The biggest reason people are homeless is because of poverty. With today’s rising gas prices and inflation rates it is hard to afford a place to live and put food on the table. As of 2000, 11.3% of the US population lived in poverty (National Homeless). The number of people in extreme poverty has been increasing since 1999, accounting for 39% of people in poverty, and making less than half the amount of income a person considered in poverty makes (National Homeless). With this amount of people living in poverty, its no wonder why there are so many homeless today. People live in poverty because of inflation since the 70s, and the loss of affordable housing projects. This accounts for almost all homeless, but there are also other factors that contribute as well. There are many people with addiction problems that make themselves homeless. Its not because they are addicts, but because they are addicts and financially unstable. This causes many individuals to lose focus and end up on the streets. The hard part for them is getting off the streets once theyre there. Since so much of their money goes to drugs, most drug addicts cant overcome being homeless once they have been there for more than 6 months (National Homeless). Mental illness is also a big issue concerning homelessness. Approximately 22% of single white homeless males suffer from a severe mental illness (National Homeless). The main reason is millions of mental patients were deinstitutionalized in the 50s and 60s, and affordable housing wasnt an issue until the 80s. At that time many of these mental patients were reaching their 50’s and couldnt work to afford housing. Luckily, only 5-7% of the mentally ill have to be institutionalized, and most of them can find community programs and housing to help their conditions (National Homeless). Another factor can be domestic violence. Many women have to choose between abusive relationships and homelessness, and nearly 25% of single homeless women said they became homeless due to an abusive relationship in their previous place of residence (National Homeless). Health care affordability is a minor reason for homelessness, but a reason none-the-less.
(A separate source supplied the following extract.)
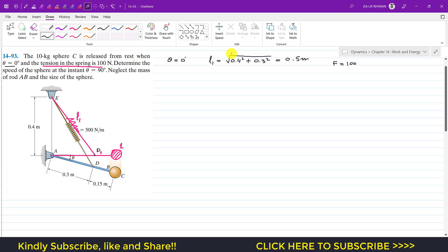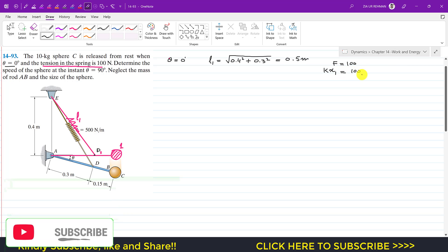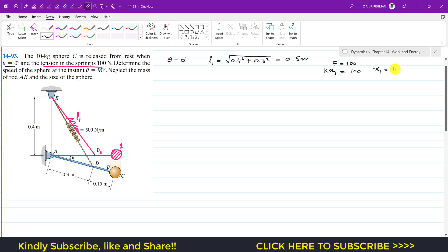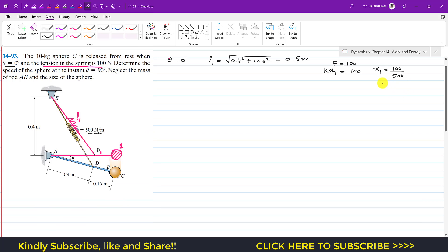The spring force is k times x1, where x1 is the elongation in the spring at state one. So k·x1 equals 100, and x1 equals 100 divided by k. The k value is 500, so 100 divided by 500 gives the elongation in the spring, which is equal to 0.2 meters. So the elongation in the spring at the initial state of the sphere is 0.2 meters.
More than half of people living in poverty or homelessness had no health care of any kind (National Homeless).
The reason for homelessness is an easy question to answer, how many homeless there are in the United States is a harder one. Although it is very hard to estimate the number of homeless people in the US, we can get very close using massive amounts of studies and the census. These methods are our best ways to estimate. 52% of requests for emergency shelter for families were denied in the last year, a 22% increase from last year (Weingart). Homeless families in rural areas have very little or nothing to fall back on if they are faced with homelessness. They are often forced to live with friends or relatives to avoid homelessness. This is considered homelessness and counted in studies. However, nearly half of the families requiring emergency shelter arent as lucky as others to have a friend or relative to live with (Weingart). The national estimate for homelessness in the United States as of 2001 was 3.5 Million people, 1.5 million of them being children (National Homeless). That is a huge number to deal with, and there is a bit of questioning with this statistic, wondering where all of these people are in the United States.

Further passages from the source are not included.